Extract the opening line of the entries and every line after it, stopping at and including the line that contains "34 Copper Run Dr, Greenville, SC 29607". Do not include pictures.
___ STORED DATA
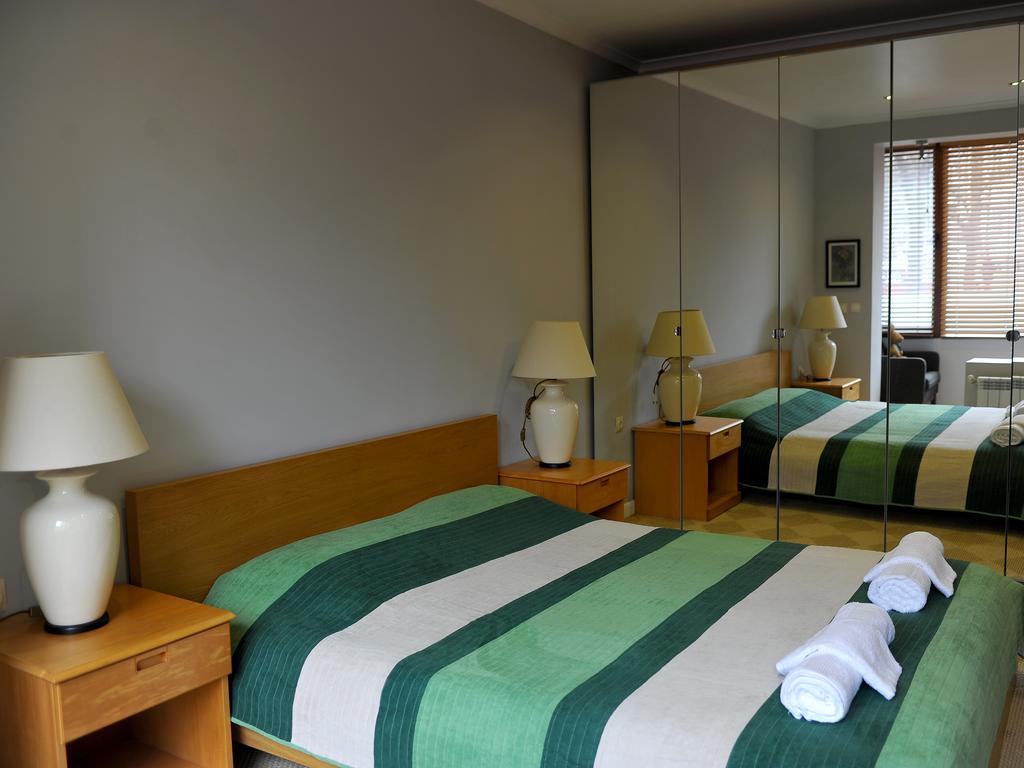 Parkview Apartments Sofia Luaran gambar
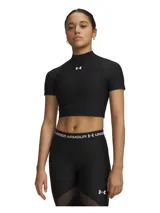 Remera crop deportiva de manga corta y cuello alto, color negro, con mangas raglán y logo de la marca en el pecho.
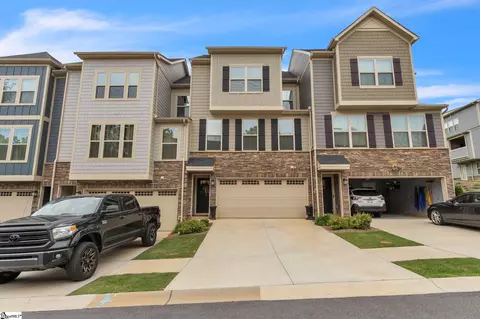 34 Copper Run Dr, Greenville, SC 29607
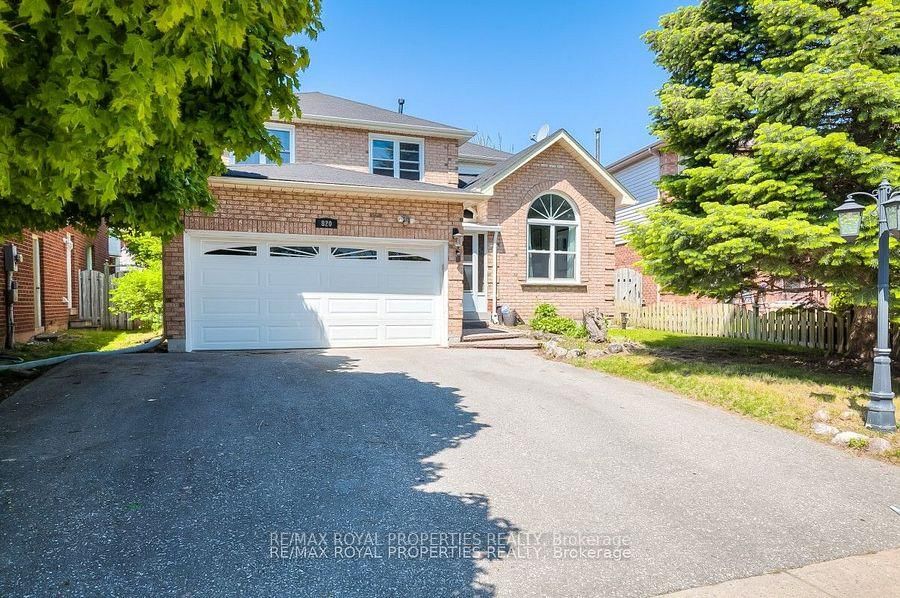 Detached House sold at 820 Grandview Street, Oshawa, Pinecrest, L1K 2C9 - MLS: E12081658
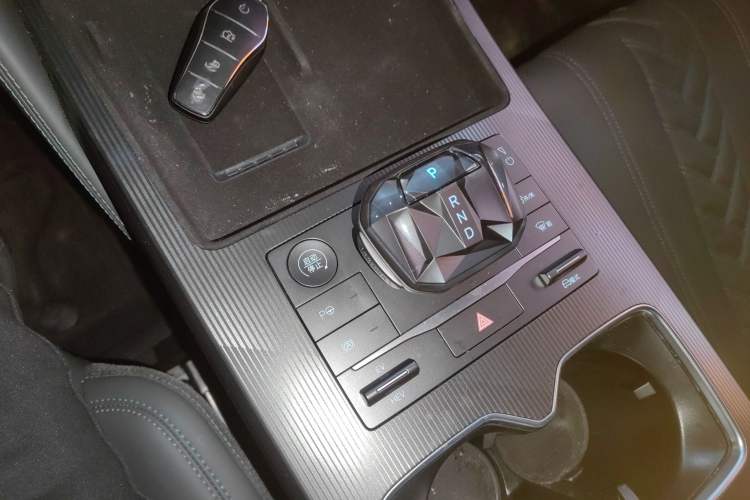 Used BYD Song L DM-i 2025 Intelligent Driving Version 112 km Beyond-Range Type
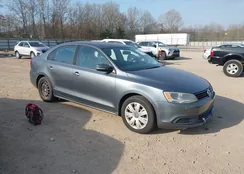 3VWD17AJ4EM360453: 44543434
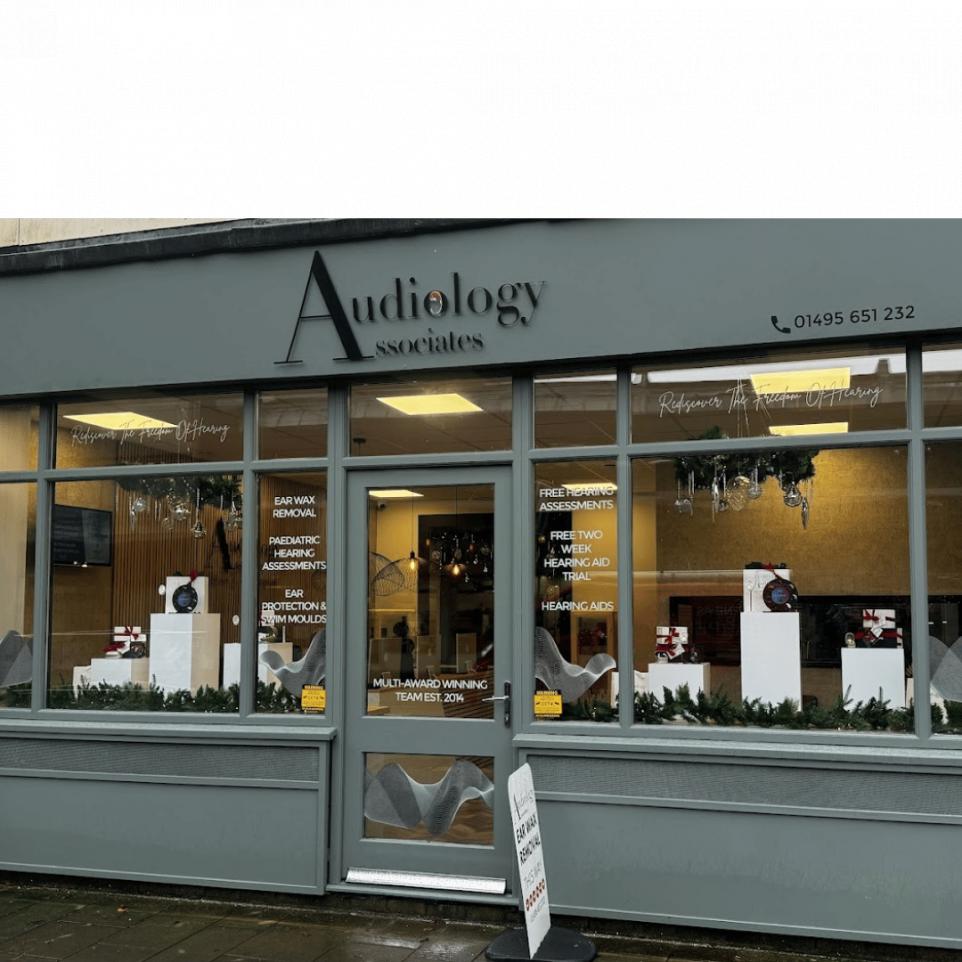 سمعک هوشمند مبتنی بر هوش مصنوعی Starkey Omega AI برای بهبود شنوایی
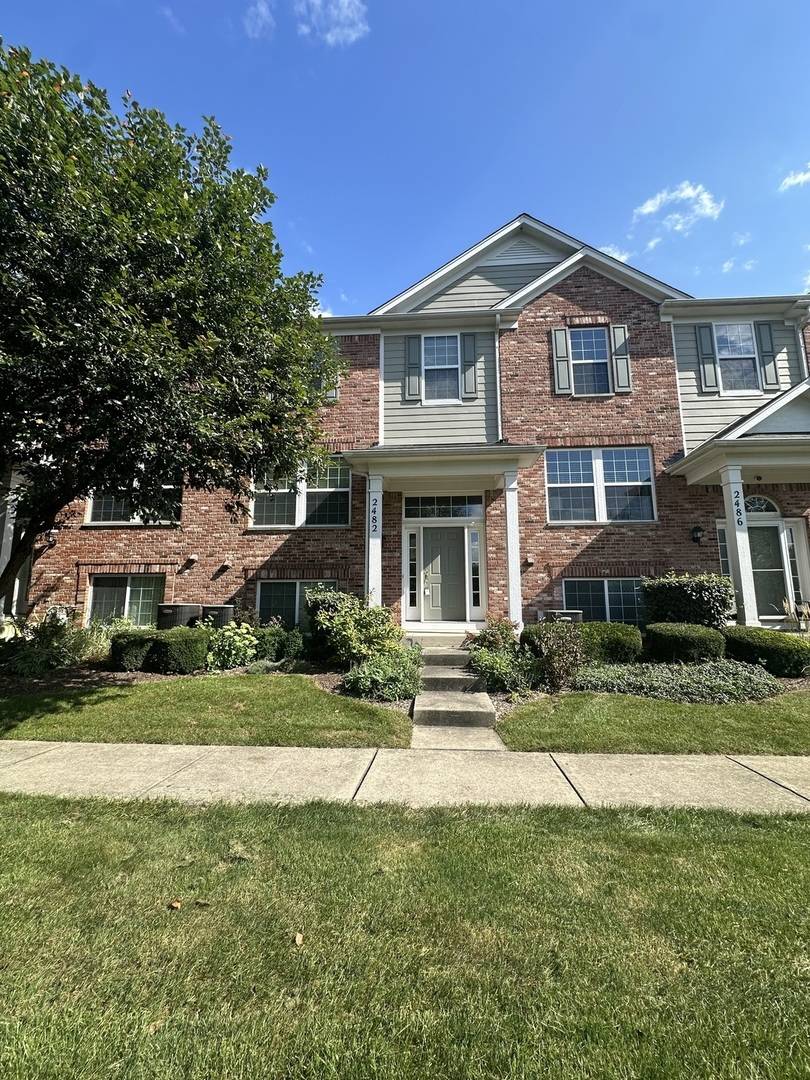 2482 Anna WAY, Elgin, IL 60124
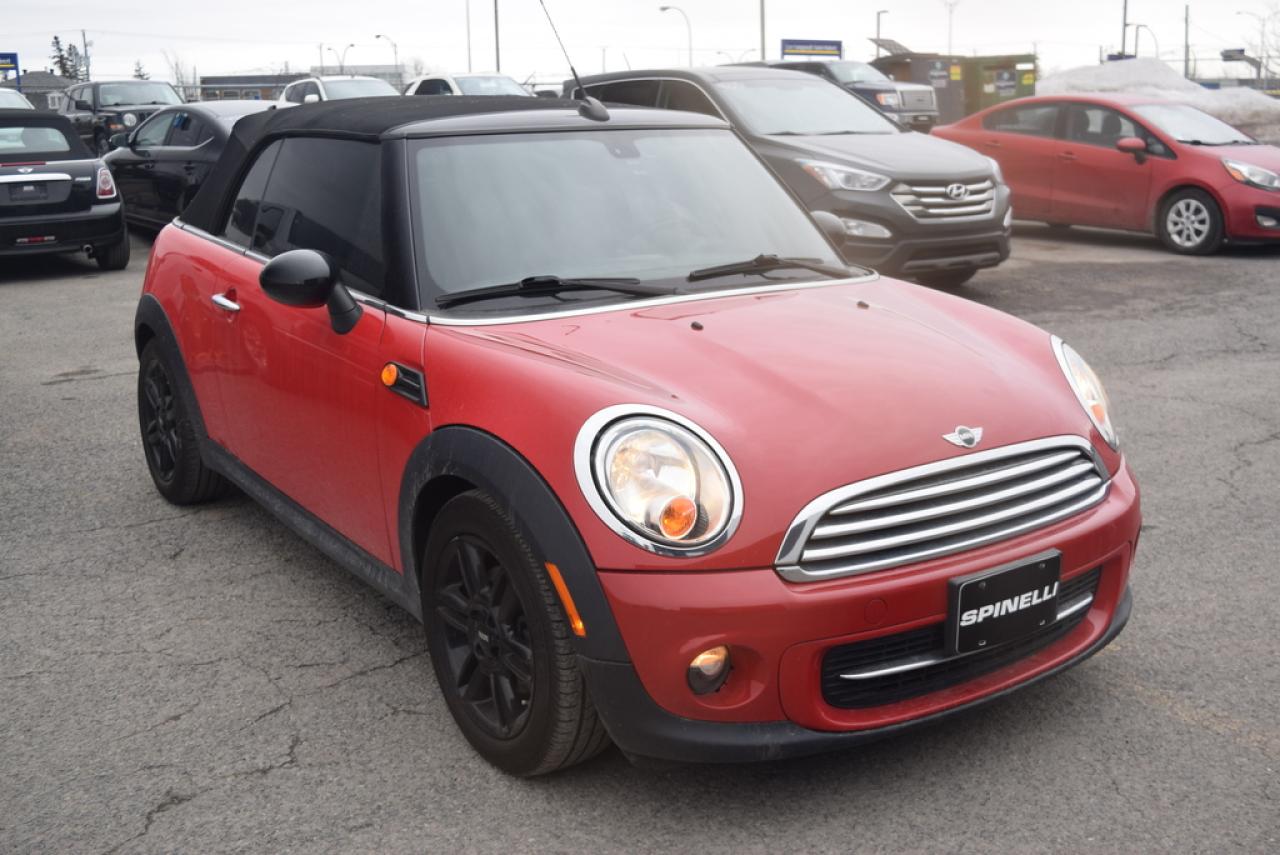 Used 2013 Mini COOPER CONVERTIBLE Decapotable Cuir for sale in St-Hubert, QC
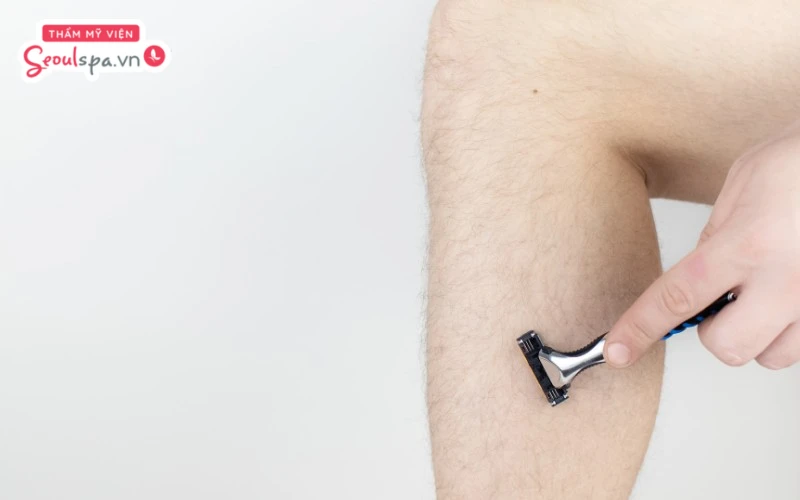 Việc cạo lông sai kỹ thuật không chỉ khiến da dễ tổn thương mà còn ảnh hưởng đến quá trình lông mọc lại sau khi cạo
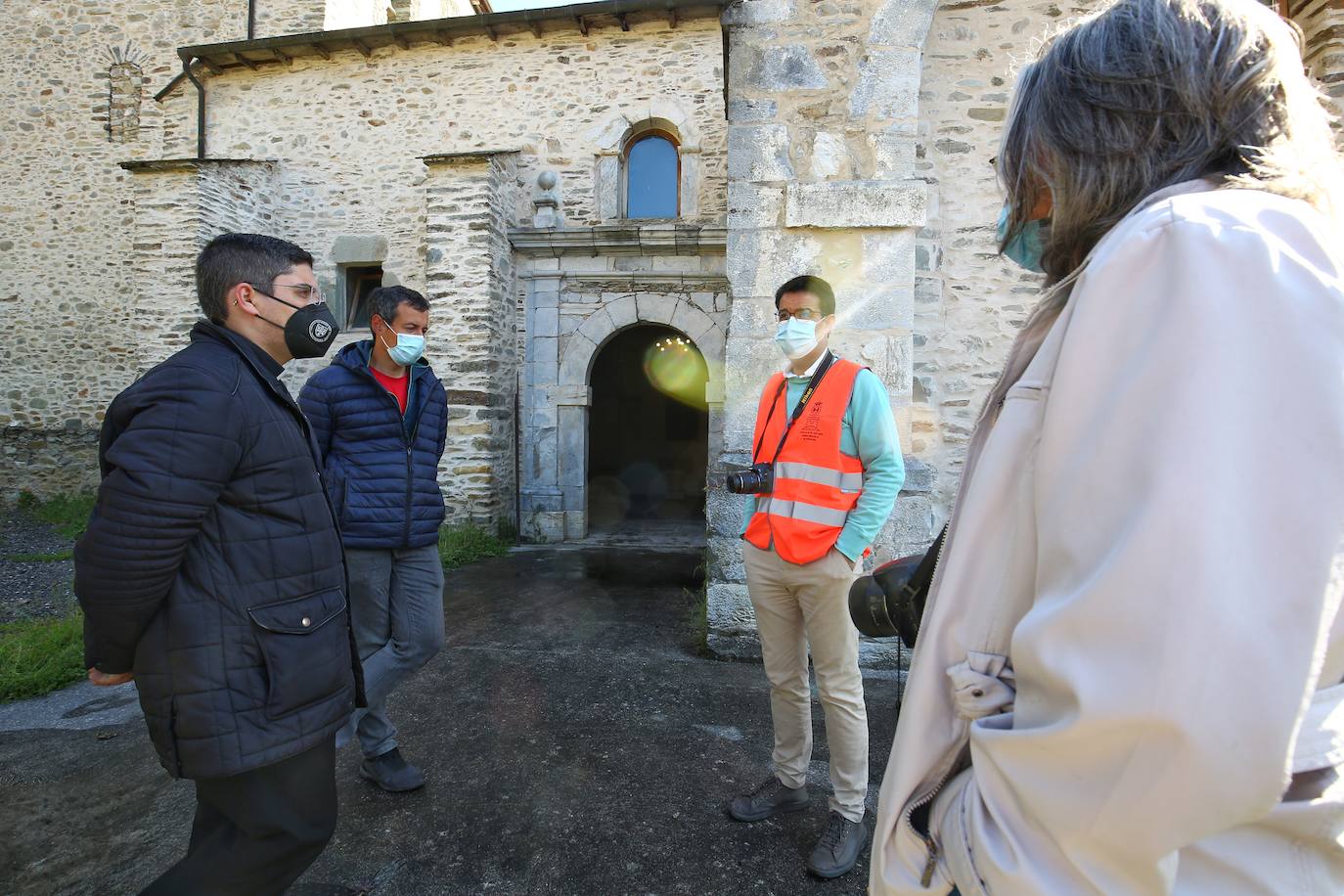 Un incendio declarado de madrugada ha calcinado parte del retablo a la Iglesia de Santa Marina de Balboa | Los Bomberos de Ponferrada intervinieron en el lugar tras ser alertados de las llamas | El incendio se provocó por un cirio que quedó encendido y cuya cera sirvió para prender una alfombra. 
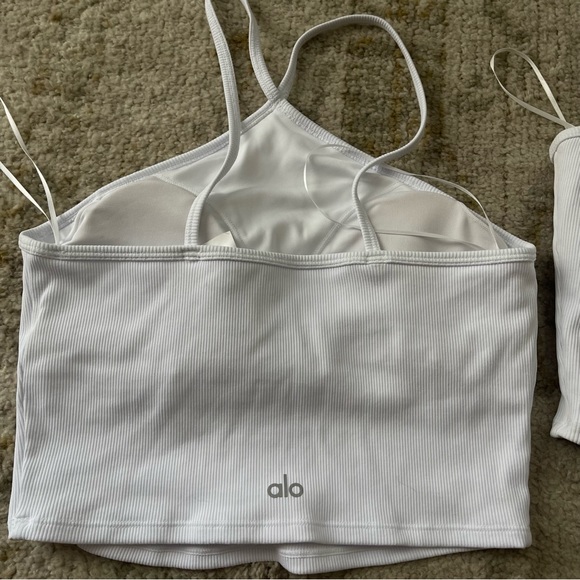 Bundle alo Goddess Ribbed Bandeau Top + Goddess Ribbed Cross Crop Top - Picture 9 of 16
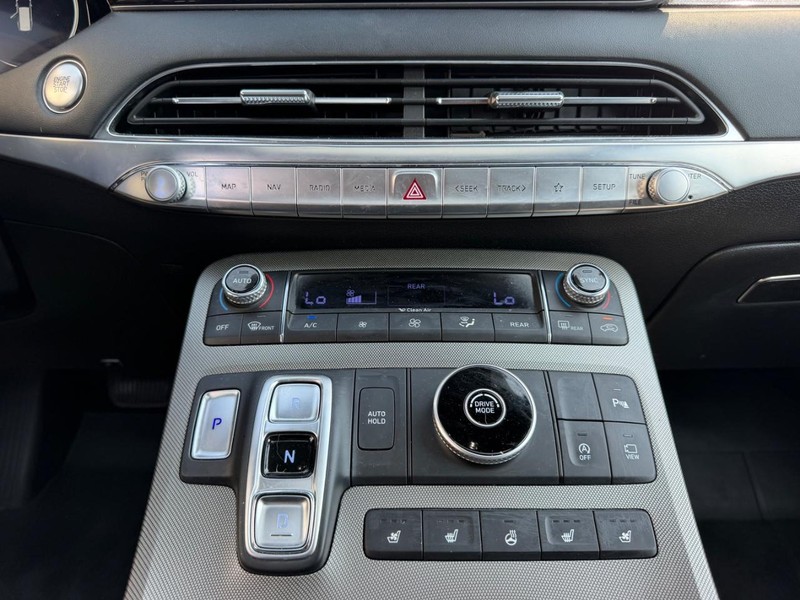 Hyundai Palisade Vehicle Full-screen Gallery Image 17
______
● **EXPECTED ANSWER**:
 Parkview Apartments Sofia Luaran gambar
 Remera crop deportiva de manga corta y cuello alto, color negro, con mangas raglán y logo de la marca en el pecho.
 34 Copper Run Dr, Greenville, SC 29607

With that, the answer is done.